#### Source records

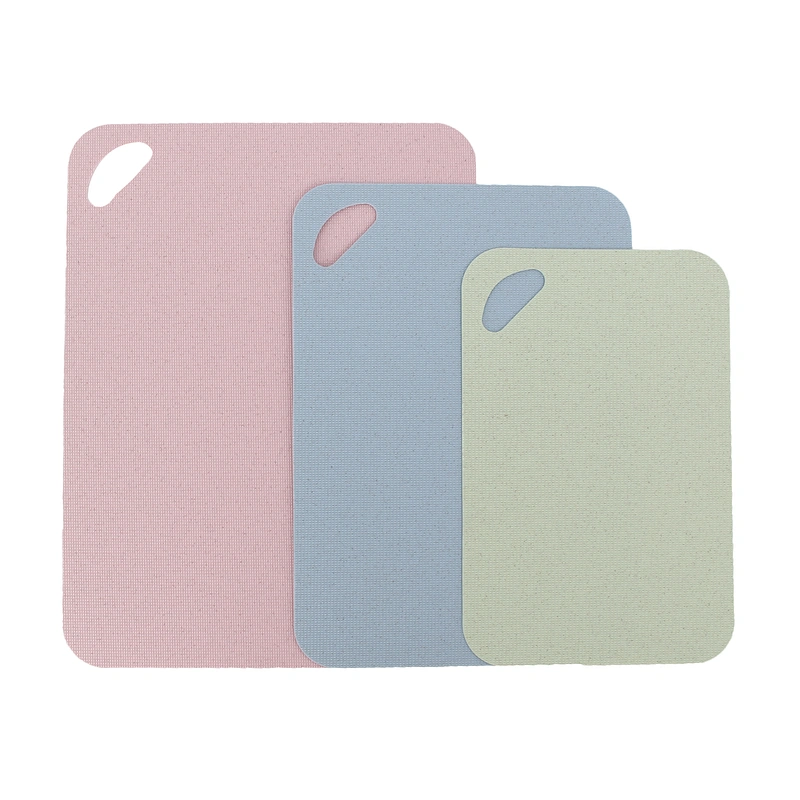 Wholesale Plastic Chopping Customized Lightweight kitchen accessories wheat straw flexible cutting Board set 3 pcs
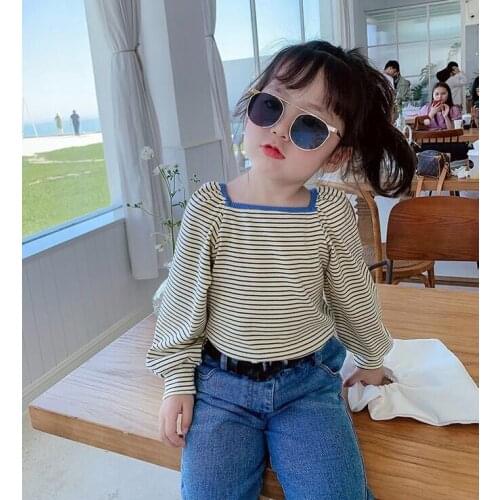 2021 New Stlye Girls Striped T-Shirt Full Sleeve Spring Fashion Cotton Girls Top 1-6t QI182
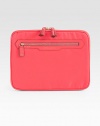 This durable nylon design zips around your iPad® and features glossy patent leather trim and a stand for convenience during use.Zip-around closureNylonPatent leatherCharger openingOne inside open document pocketCotton lining10W X 8H X ¾DImportedPlease note: iPad® not included.
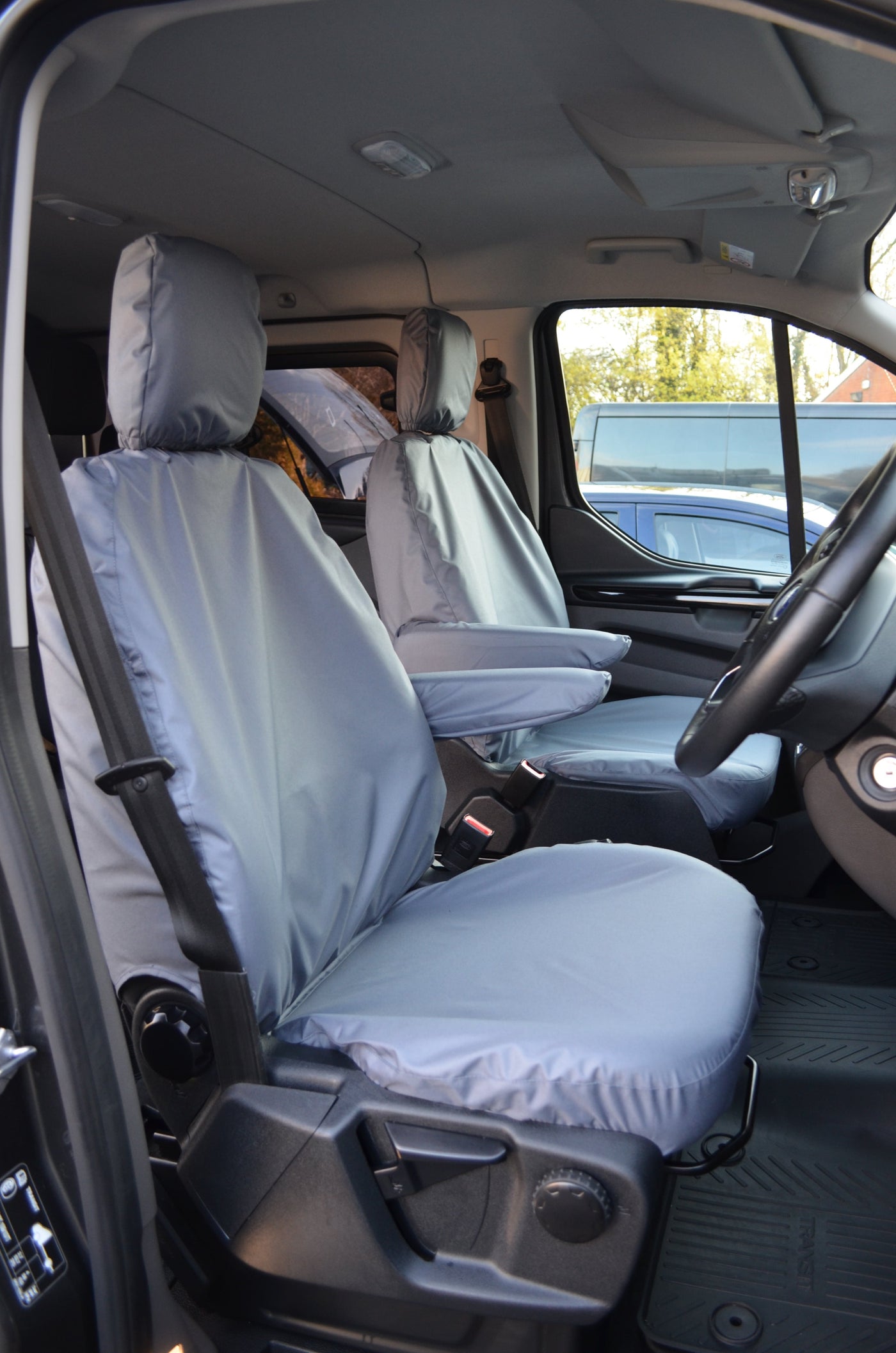 Ford Transit Van 2014 Onwards Tailored Front Seat Covers Grey / Driver's Seat and Single Passenger Scutes Ltd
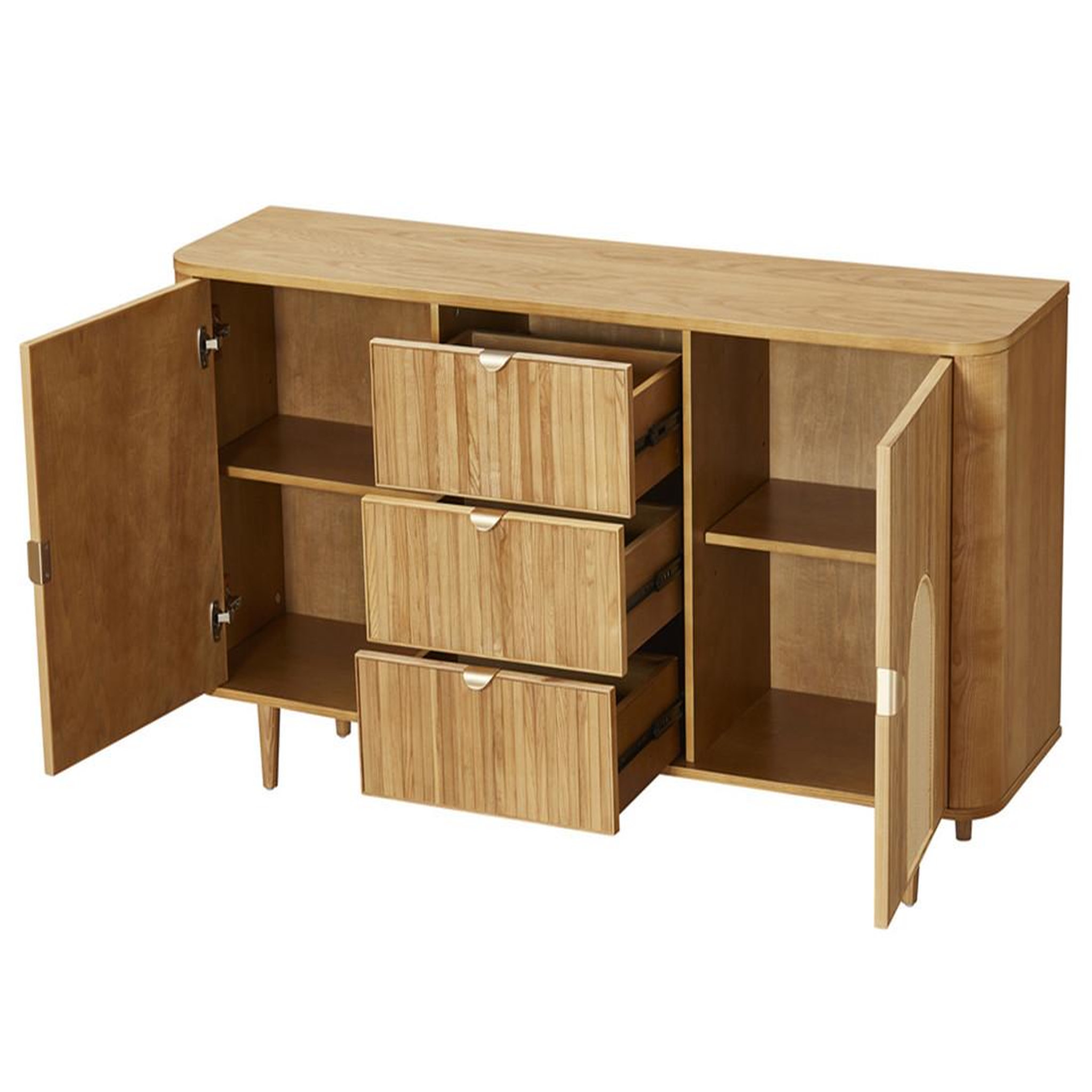 Voir la diapositive 5 : BEST MOBILIER Milazzo - buffet bas - bois plaqué chêne et cannage - 3 tiroirs et 2 portes - 160 cm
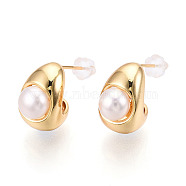 Teardrop Brass Natural Pearl Stud Earrings, with 925 Sterling Silver Pins, Real 18K Gold Plated, 14~14.5x9.5~10mm, Pin: 0.7mm, Pearl: 6.5~7mm(PEAR-N020-05Z)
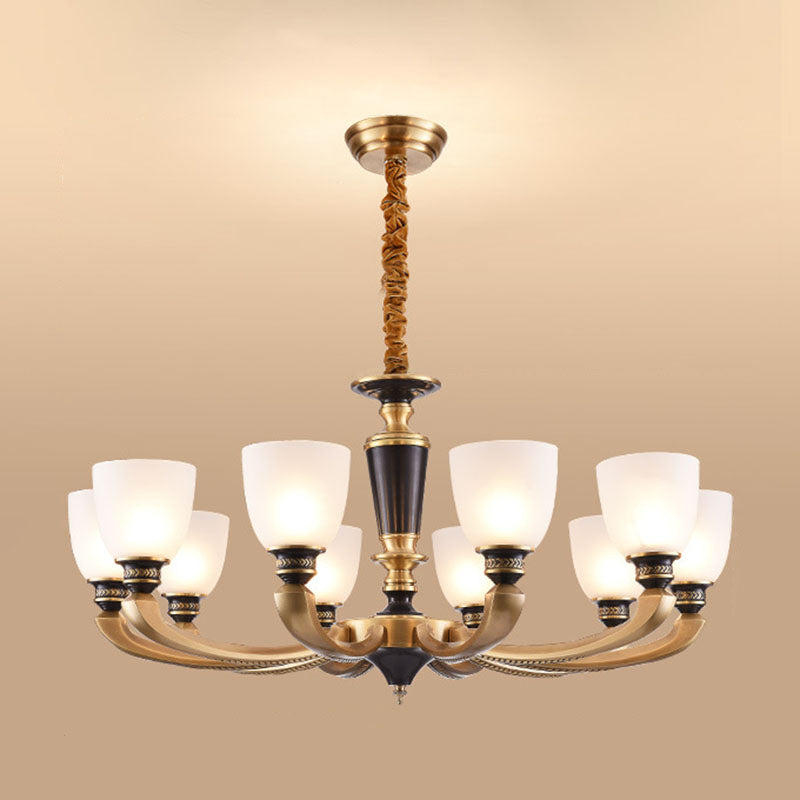 Brass Chandelier Lamp With Frosted Glass Shade - Simplicity Bowl Suspension Lighting Fixture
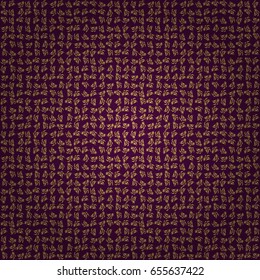 Glittering background illustration on purple backdrop. Vector seamless golden Christmas ornament pattern.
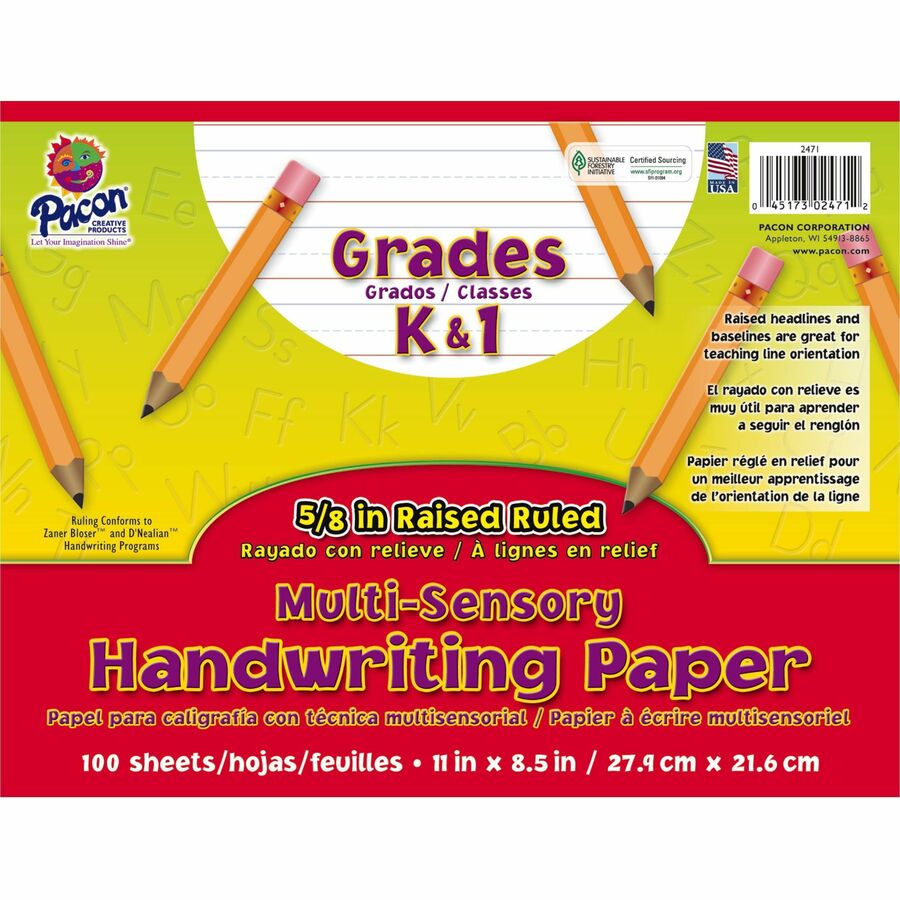 Pacon Grades K, 1 Multi, sensory Handwriting Tablet, 8 1/2" x 11" (PAC2471)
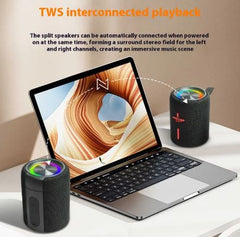 TWS interconnectible speakers with laptop, creating immersive stereo sound for music playback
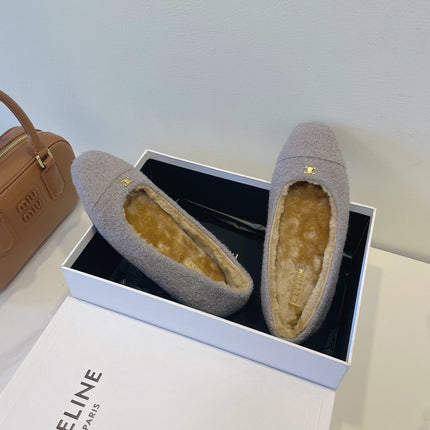 CELINE 26S FLAT SHOES IN LAVENDER GREY WOOL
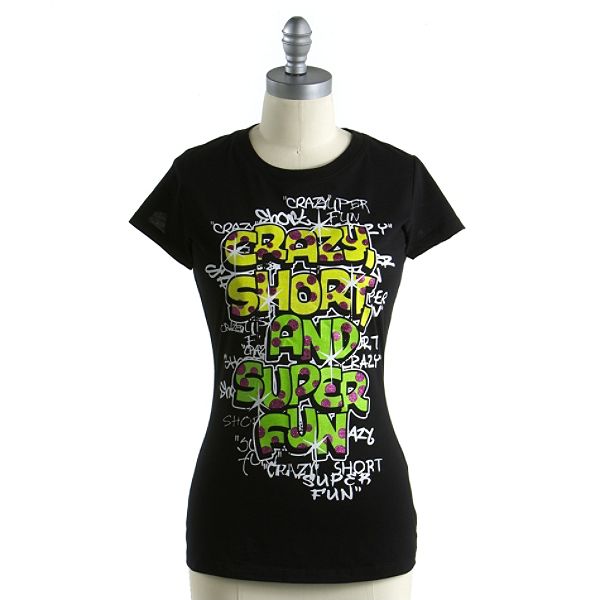 Juniors Plus Crazy Short 100 Cotton Graphic Tee 027B017273450001P Sears 01727345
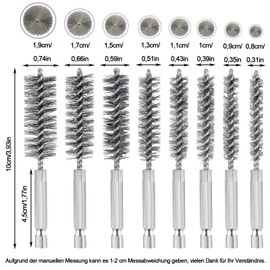 Steel Brush, Pack of 8 Cylinder Wire Brush, 8 Sizes Boiler Brush, (8 mm, 9 mm, 10 mm, 11 mm, 13 mm, 15 mm, 17 mm, 19 mm) for Cleaning Cylinders, Pipes
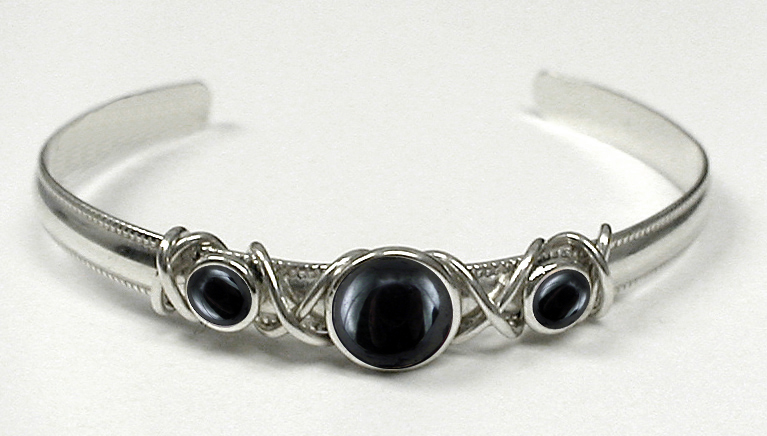 Sterling Silver Hand Made Cuff Bracelet With Hematite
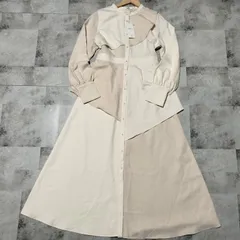 【未使用品】earth music ＆ ecology　アシンメトリー シャツワンピース　Мサイズ　マキシ丈　バンドカラー　カラーレス　Aライン　ロング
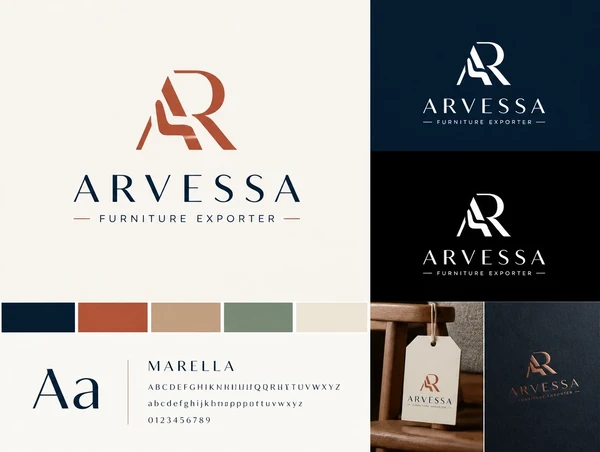 A logo presentation board for a furniture exporter in colour, black and reversed white beside its palette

########

• **Work instructions**:
Copy the entries exactly. No pictures.

• **Result below**:
 Wholesale Plastic Chopping Customized Lightweight kitchen accessories wheat straw flexible cutting Board set 3 pcs
 2021 New Stlye Girls Striped T-Shirt Full Sleeve Spring Fashion Cotton Girls Top 1-6t QI182
 This durable nylon design zips around your iPad® and features glossy patent leather trim and a stand for convenience during use.Zip-around closureNylonPatent leatherCharger openingOne inside open document pocketCotton lining10W X 8H X ¾DImportedPlease note: iPad® not included.
 Ford Transit Van 2014 Onwards Tailored Front Seat Covers Grey / Driver's Seat and Single Passenger Scutes Ltd
 Voir la diapositive 5 : BEST MOBILIER Milazzo - buffet bas - bois plaqué chêne et cannage - 3 tiroirs et 2 portes - 160 cm
 Teardrop Brass Natural Pearl Stud Earrings, with 925 Sterling Silver Pins, Real 18K Gold Plated, 14~14.5x9.5~10mm, Pin: 0.7mm, Pearl: 6.5~7mm(PEAR-N020-05Z)
 Brass Chandelier Lamp With Frosted Glass Shade - Simplicity Bowl Suspension Lighting Fixture
 Glittering background illustration on purple backdrop. Vector seamless golden Christmas ornament pattern.
 Pacon Grades K, 1 Multi, sensory Handwriting Tablet, 8 1/2" x 11" (PAC2471)
 TWS interconnectible speakers with laptop, creating immersive stereo sound for music playback
 CELINE 26S FLAT SHOES IN LAVENDER GREY WOOL
 Juniors Plus Crazy Short 100 Cotton Graphic Tee 027B017273450001P Sears 01727345
 Steel Brush, Pack of 8 Cylinder Wire Brush, 8 Sizes Boiler Brush, (8 mm, 9 mm, 10 mm, 11 mm, 13 mm, 15 mm, 17 mm, 19 mm) for Cleaning Cylinders, Pipes
 Sterling Silver Hand Made Cuff Bracelet With Hematite
 【未使用品】earth music ＆ ecology　アシンメトリー シャツワンピース　Мサイズ　マキシ丈　バンドカラー　カラーレス　Aライン　ロング
 A logo presentation board for a furniture exporter in colour, black and reversed white beside its palette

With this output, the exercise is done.